It is preferred for R to be the residue of an organic monobasic carboxylic acid which has a boiling point greater than 115° C. and an acid value between 50 and 950 mgKOH/gramme. There is no particular upper limit on the boiling point and R may be the residue of a substantially non-volatile acid. The material will generally have a boiling or decomposition temperature below 500° C. The organic monobasic carboxylic acid may be referred to as a high-boiling acid. The acid may be aliphatic, aromatic, linear, branched, alicyclic or heterocyclic.

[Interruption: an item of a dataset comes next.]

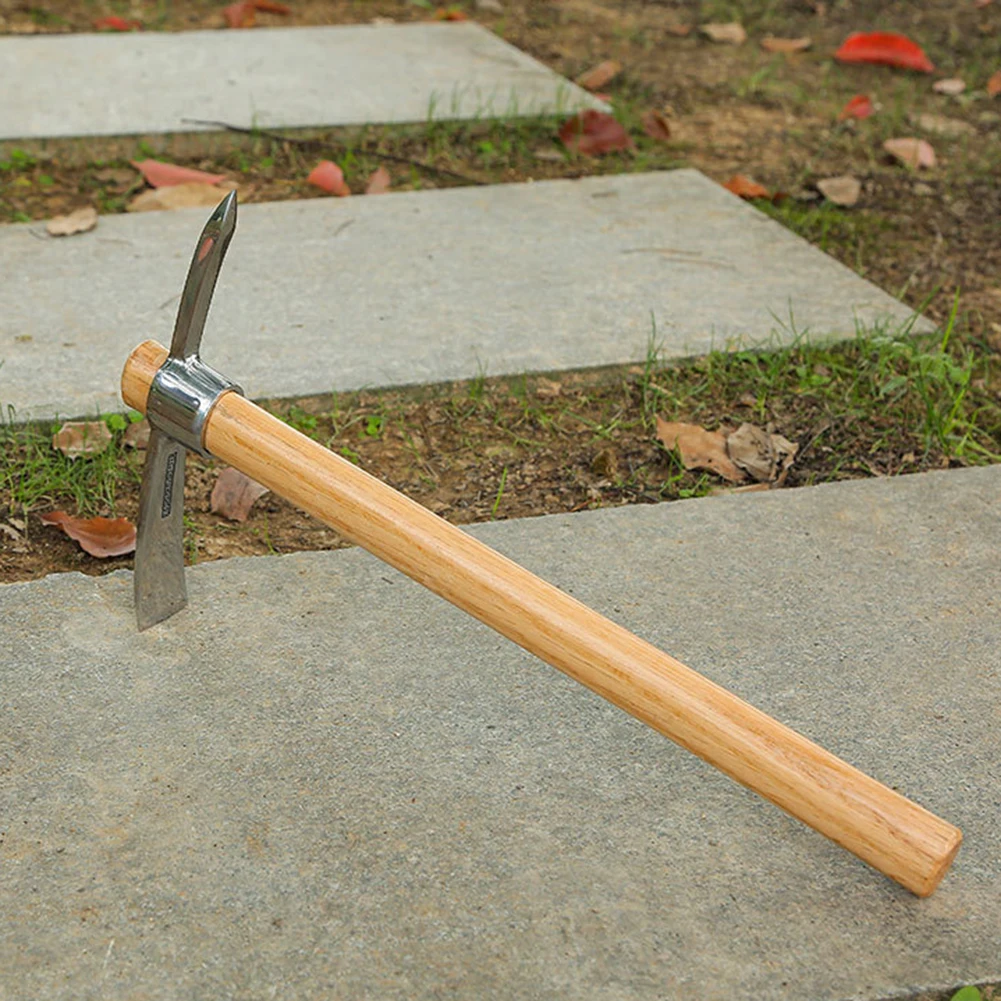 Stainless Steel Pickaxe Multifunctional High Hardness Root Digging Lamb Pickaxe for Outdoor Emergency Survival 
Stainless Steel Pickaxe Multifunctional High Hardness Root Digging Lamb Pickaxe for Outdoor Emergency Survival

It is particularly preferred for R to be the residue of one or more of the following acids: benzoic acid, salicylic acid, 3,5-dichlorobenzoic acid, lauric acid, stearic acid, nitro-benzoic acid, linoleic acid, ricinoleic acid, 12-hydroxy stearic acid, fluoroacetic acid, pulvic acid, ,O-cresotinic acid, naphthol-1-caboxylic acid, p-oxy-benzoic acid, chloroacetic acid, dichloroacetic acid, naphthenic acid, p-phenyl benzoic acid, lithocholic acid, phenoxy acetic acid, 2,4- dichlorophenoxy acetic acid, oleic acid, versatic acid, nicotinic acid, penicillic acid and the like, or a diterpenoid acid having an abietane, pimarane, isopimarane or labdane skeleton such as, for example, abietic acid, neoabietic acid, levopimaric acid, dextropimaric acid, sandaracopimaric acid, and the like which may be used individually or in combination.

The film-forming polymer (A) is generally present in the coating composition in an amount of at least 3 wt. %, preferably at least 6 wt. %, more preferably at least 10 wt. %. It is generally present in an amount of at most 60 wt. %, preferably at most 50 wt. %, more preferably at most 45 wt. %.

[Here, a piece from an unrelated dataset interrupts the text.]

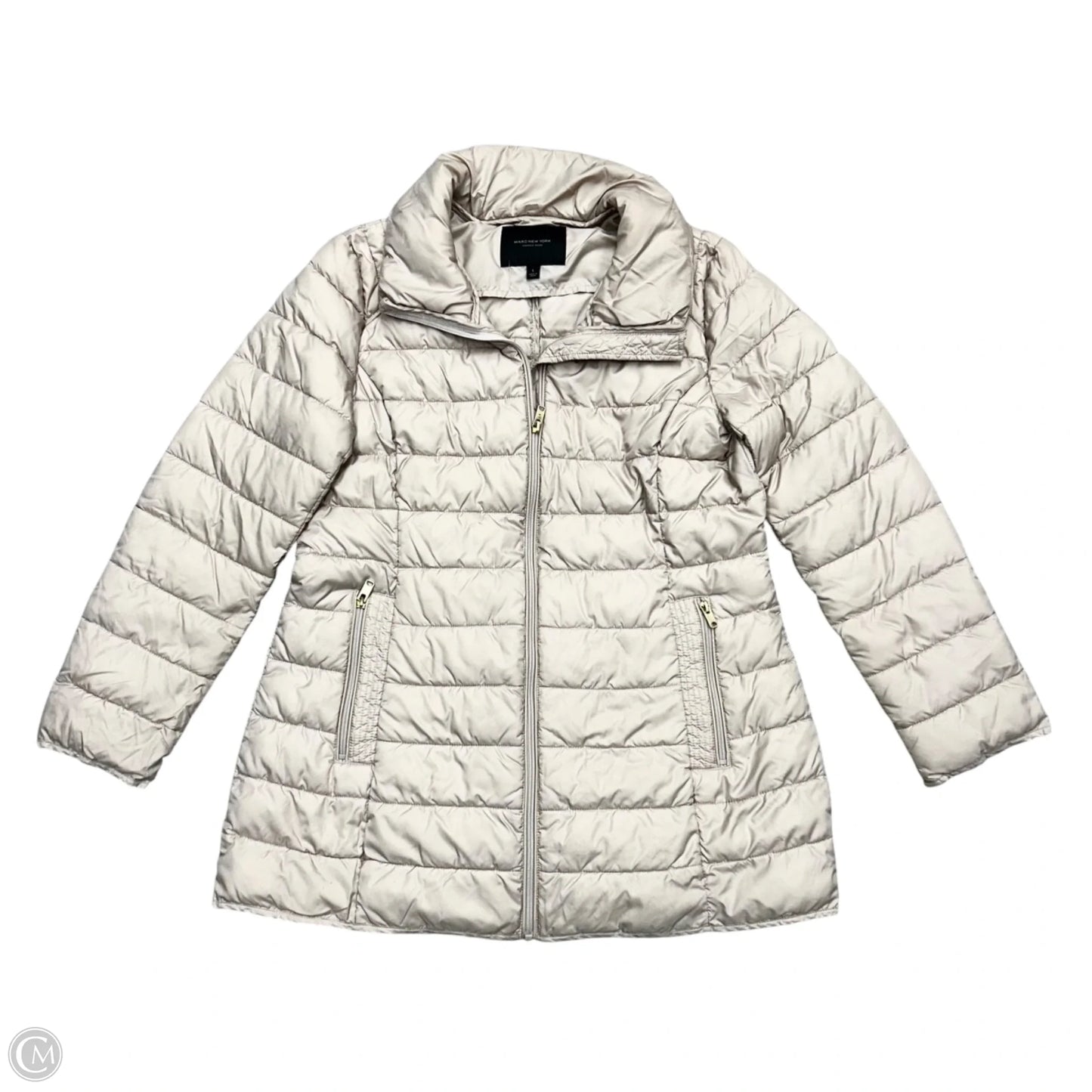 Coat Puffer & Quilted By Marc New York In Beige, Size: L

The film-forming polymer (A) can be a so-called high solids resin. By using such resin, a coating composition can be obtained with a volatile organic compound (VOC) content of not more than 400 g/L, preferably of less than 350 g/L.

The film-forming polymer (A) can be prepared as follows:

• i) polymerization of an unsaturated organic acid monomer and an additional unsaturated monomer and either reacting the resulting acrylic resin with a metal compound and a monobasic acid or reacting said acrylic resin with a metal salt of a monobasic acid or
• ii) reacting an unsaturated organic acid monomer with a metal compound and a monobasic acid or reacting an unsaturated organic acid monomer with a metal salt of a monobasic acid and polymerizing the resulting metal-containing unsaturated monomer with another unsaturated monomer.

In view of the higher yield method i) is preferred.

The unsaturated organic acid monomer mentioned above can be selected from the group of unsaturated compounds having at least one carboxyl group, for example unsaturated monobasic acids such as (meth) acrylic acid; unsaturated dibasic acids and monoalkyl esters thereof, such as maleic acid inclusive of its monoalkyl esters and itaconic acid inclusive of its monoalkyl esters; unsaturated monobasic acid hydroxyalkyl ester-dibasic acid adducts, such as 2-hydroxyethyl (meth)acrylate-maleic acid adduct, 2-hydroxyethyl (meth)acrylate-phthalic acid adduct, and 2-hydroxyethyl (meth)acrylate-succinic acid adduct. In this specification, the term (meth)acrylic acid is used to mean whichever of methacrylic acid and acrylic acid.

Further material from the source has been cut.